R for Biochemists: How many publications in your area of research?

The amount of scientific literature is daunting. There are over 17,000 papers published in my research area which is chronic lymphocytic leukemia. I wanted to graph this so here is what I did:

I did a PubMed search using "chronic lymphocytic leukaemia" or "chronic lymphocytic leukemia" or "CLL". When the search is made, there is a nice graph on the left hand side of the browser window - see the circle in the picture below. You can download a csv file of this data by pressing on "Download CSV".

If you import this CSV file into R, it looks a bit strange. The str(data) command gives you the following output:

> str(data)
'data.frame': 64 obs. of 1 variable:
$ pubmed...chronic.lymphocytic.leukaemia.or.chronic.lymphocytic.leukemia.or.CLL: Factor w/ 57 levels "1","10","1001",..: 57 51 3 56 53 52 55 50 48 47 ...

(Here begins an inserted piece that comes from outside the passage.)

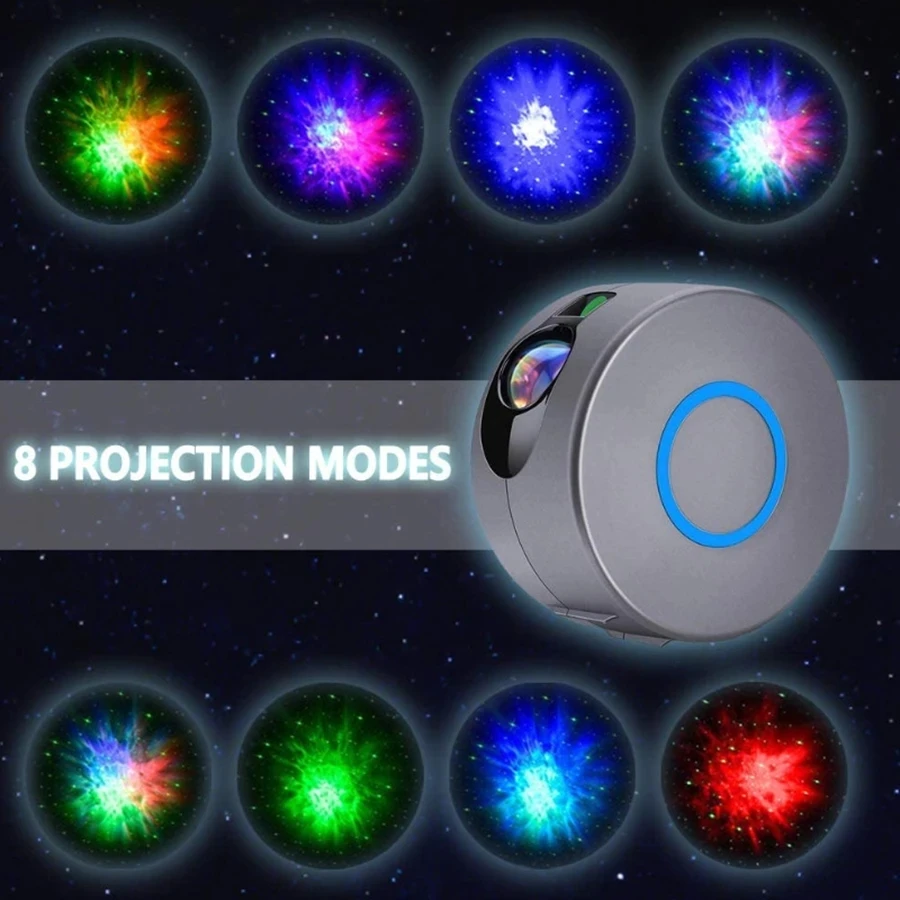 

7 Colors Laser Starry Sky Projector Star Night Light Projection Ocean Wave Lights 360 Degree Rotation Lamp for Kids Gifts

This is because it has a line at the top of the file that R can't interpret properly. You need to open the file and delete the first line - a little bit of data wrangling. I did this in Excel.
I also did a search with (("chronic lymphocytic leukaemia" or "chronic lymphocytic leukemia" or "CLL")) AND REVIEW[Publication Type] which gave me 2,236 articles. I combined these two bits of data in Excel. I saved this as a csv file.

When I import this new file, the str(data) command gives this:

> str(data)
'data.frame': 63 obs. of 3 variables:
$ year : int 2015 2014 2013 2012 2011 2010 2009 2008 2007 2006 ...
$ articles: int 725 1001 930 787 776 819 695 618 608 594 ...
$ reviews : int 38 147 185 124 112 135 97 74 126 112 ...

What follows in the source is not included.